Objective: To explore the way of individualized adjustment of target range of each high-dose methotrexate (MTX) 24 hours infusion to treat acute lymphoblastic leukemia in children.
Methods: Twenty-four children and 105 infusions were included in the study. According to 1 h and 6 h plasma MTX concentrations after infusion, based on established high-dose MTX population pharmacokinetics model, the course predicted value of drug concentration at steady state (C(SS)) was calculated. MTX infusion rate and dosage was adjusted 8 h after the start according to the predicted value of C(SS). Then MTX concentration at 23 h (actual value of C(SS)) was measured.
Results: To achieve the target range of C(SS), adjustments of MTX dosage were required in 17 (71%) patients. Adjustments of MTX dosage were required in 45 (43%) infusions, the dose was increased in 42 infusions and decreased in 3 infusions. There were 29 infusions of high-dose MTX during consolidation therapy (after remission induction therapy). Among them, 16 infusions had increased dosage, and 1 infusion had decreased dosage. There were 76 infusions during maintenance therapy. Among them, 26 infusions increased dosage, and 2 infusions decreased dosage. Overall 95 (90%) infusions achieved the target range of C(SS), while in 8 infusions the doses were lower than the target range in 2 infusions the doses were higher than the target range. If there had been no adjustments, only 74 (70%) infusions could have achieved the target range. Adjustments of MTX dosage, compared with no adjustments, could remarkably enhance the rate of achieving the target range of C(SS) (chi(2) = 13.366, P = 0.000). Among 60 infusions of no adjustments, the actual values of C(SS) were well correlated with the predicted values of C(SS) (r = 0.487, P = 0.000), and the actual values of C(SS) were also correlated with the 6 h plasma MTX concentrations after infusions (r = 0.389, P = 0.002). The actual values of total clearance (CL) of MTX of 105 infusions were 7.01 +/- 2.06 L/(m(2).h). Inter-courses variability in CL was up to 4.4-fold. Intra-patient variability in CL was up to 2.9-fold. Predisposing factors that correlated with decreased CL of MTX were old age, heavy body weight, low blood phosphate, high blood bilirubin and infusions during maintenance therapy (P < 0.05).
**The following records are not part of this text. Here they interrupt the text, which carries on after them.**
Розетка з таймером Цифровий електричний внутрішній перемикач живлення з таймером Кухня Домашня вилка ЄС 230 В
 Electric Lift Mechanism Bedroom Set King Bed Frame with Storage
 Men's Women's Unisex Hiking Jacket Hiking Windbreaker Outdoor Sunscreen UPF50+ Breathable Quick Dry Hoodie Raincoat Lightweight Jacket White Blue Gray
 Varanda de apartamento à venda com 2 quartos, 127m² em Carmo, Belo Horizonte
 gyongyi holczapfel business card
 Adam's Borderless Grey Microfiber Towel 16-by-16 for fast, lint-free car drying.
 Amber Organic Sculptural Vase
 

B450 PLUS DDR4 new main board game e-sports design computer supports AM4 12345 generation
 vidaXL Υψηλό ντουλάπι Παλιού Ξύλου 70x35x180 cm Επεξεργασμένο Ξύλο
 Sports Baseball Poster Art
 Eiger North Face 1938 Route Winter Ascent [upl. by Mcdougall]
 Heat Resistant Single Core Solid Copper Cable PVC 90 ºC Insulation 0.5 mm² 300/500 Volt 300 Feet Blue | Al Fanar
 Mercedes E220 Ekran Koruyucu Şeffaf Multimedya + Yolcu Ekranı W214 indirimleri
Conclusions: High-dose methotrexate chemotherapy needed individualized adjustment, as inter-courses variability of CL was up to 4.4-fold among 105 infusions. According to 1 h and 6 h plasma MTX concentrations after infusion, adjusting MTX infusion rate and dosage, overall 90% infusions achieved the target range of C(SS). High-dose MTX infusions during consolidation therapy needed individualized adjustment of target range more.